Top of RECORDS FOR THIS EXERCISE

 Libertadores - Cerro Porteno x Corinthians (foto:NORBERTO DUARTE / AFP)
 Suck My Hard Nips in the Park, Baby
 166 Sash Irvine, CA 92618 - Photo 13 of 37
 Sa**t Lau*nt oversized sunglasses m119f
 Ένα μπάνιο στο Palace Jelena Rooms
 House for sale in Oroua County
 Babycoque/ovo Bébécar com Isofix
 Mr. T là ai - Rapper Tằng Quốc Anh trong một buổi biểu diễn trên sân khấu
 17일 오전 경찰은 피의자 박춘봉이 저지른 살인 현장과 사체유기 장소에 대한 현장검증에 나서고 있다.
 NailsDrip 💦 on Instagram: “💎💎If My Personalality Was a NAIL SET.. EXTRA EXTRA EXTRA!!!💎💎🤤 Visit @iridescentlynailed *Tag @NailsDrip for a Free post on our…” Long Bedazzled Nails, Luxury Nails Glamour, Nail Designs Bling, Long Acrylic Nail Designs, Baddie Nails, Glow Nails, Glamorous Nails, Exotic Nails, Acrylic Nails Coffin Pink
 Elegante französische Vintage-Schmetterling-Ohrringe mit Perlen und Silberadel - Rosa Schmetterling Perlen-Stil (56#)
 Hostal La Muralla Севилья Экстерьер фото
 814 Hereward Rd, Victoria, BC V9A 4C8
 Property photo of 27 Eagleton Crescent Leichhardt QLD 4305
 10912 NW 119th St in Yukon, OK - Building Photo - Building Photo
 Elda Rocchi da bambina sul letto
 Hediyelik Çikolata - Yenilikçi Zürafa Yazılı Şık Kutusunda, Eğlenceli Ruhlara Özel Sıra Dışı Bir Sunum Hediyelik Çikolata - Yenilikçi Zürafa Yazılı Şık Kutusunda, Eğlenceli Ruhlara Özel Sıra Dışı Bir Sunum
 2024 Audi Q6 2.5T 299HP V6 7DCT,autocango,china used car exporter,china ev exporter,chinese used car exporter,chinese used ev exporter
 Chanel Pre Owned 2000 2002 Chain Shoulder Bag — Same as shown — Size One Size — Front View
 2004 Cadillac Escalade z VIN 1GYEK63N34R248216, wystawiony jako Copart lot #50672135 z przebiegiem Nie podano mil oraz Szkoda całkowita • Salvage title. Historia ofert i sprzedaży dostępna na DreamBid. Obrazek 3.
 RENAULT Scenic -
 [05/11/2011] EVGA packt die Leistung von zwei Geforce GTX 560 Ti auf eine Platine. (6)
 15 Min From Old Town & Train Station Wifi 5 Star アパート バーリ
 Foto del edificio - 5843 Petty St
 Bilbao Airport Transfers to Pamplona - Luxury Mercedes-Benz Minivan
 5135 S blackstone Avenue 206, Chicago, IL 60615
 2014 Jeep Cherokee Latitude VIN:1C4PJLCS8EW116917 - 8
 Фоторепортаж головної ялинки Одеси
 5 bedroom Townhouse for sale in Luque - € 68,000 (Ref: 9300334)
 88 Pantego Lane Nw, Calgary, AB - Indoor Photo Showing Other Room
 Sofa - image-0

Bottom of RECORDS FOR THIS EXERCISE

TASK ITEM
All lines above containing the string "sale": copy each one.

RESULT BELOW
 House for sale in Oroua County
 5 bedroom Townhouse for sale in Luque - € 68,000 (Ref: 9300334)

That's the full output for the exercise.